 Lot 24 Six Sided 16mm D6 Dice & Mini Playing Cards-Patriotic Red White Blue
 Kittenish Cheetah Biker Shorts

---

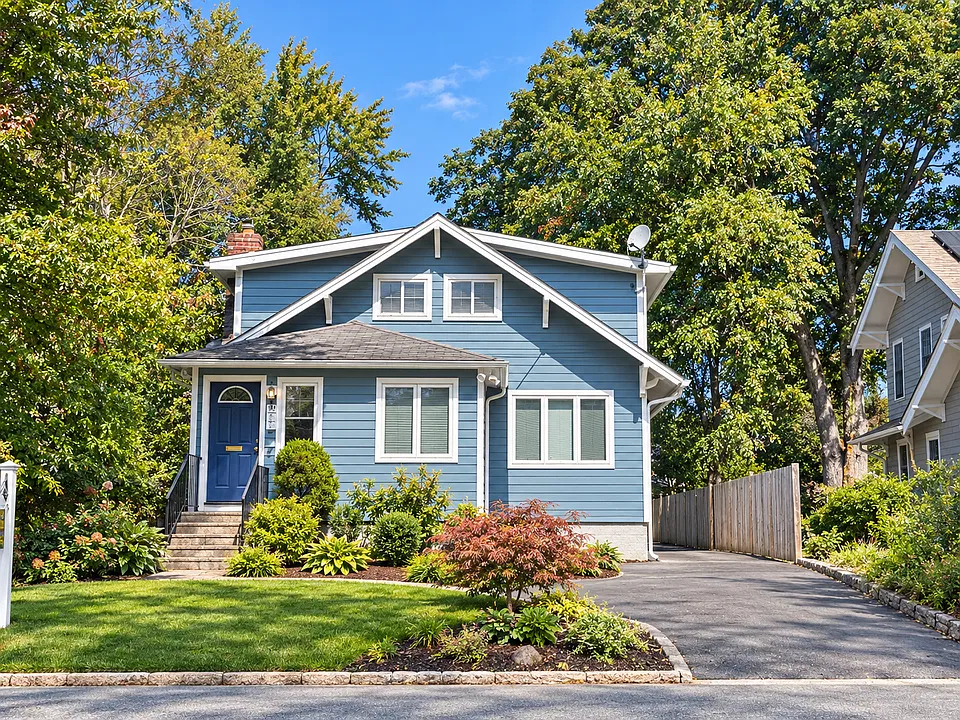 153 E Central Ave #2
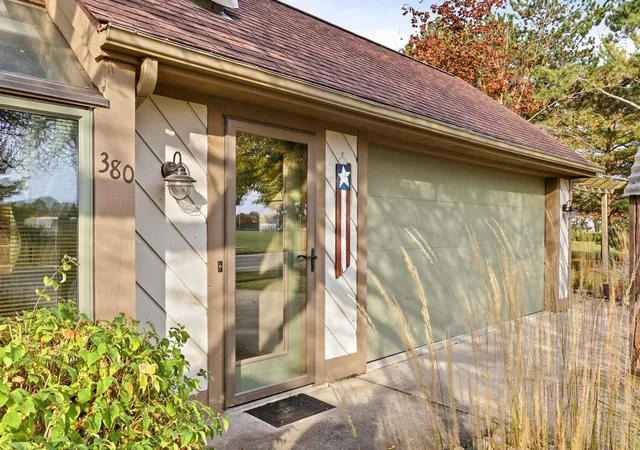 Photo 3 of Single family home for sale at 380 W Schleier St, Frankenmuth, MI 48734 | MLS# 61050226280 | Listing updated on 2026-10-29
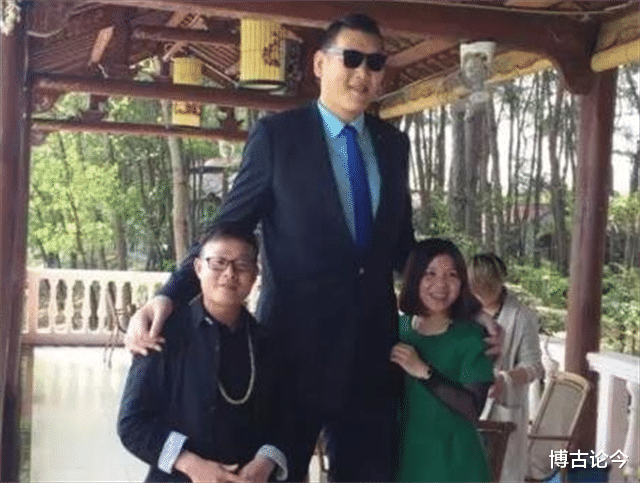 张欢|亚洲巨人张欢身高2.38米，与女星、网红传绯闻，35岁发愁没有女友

* Brief *
Could you restate, word for word, the lines above from the one with "Lot 24 Six Sided" to the one with "Kittenish Cheetah Biker Shorts", both included?

* Answer for the task *
 Lot 24 Six Sided 16mm D6 Dice & Mini Playing Cards-Patriotic Red White Blue
 Kittenish Cheetah Biker Shorts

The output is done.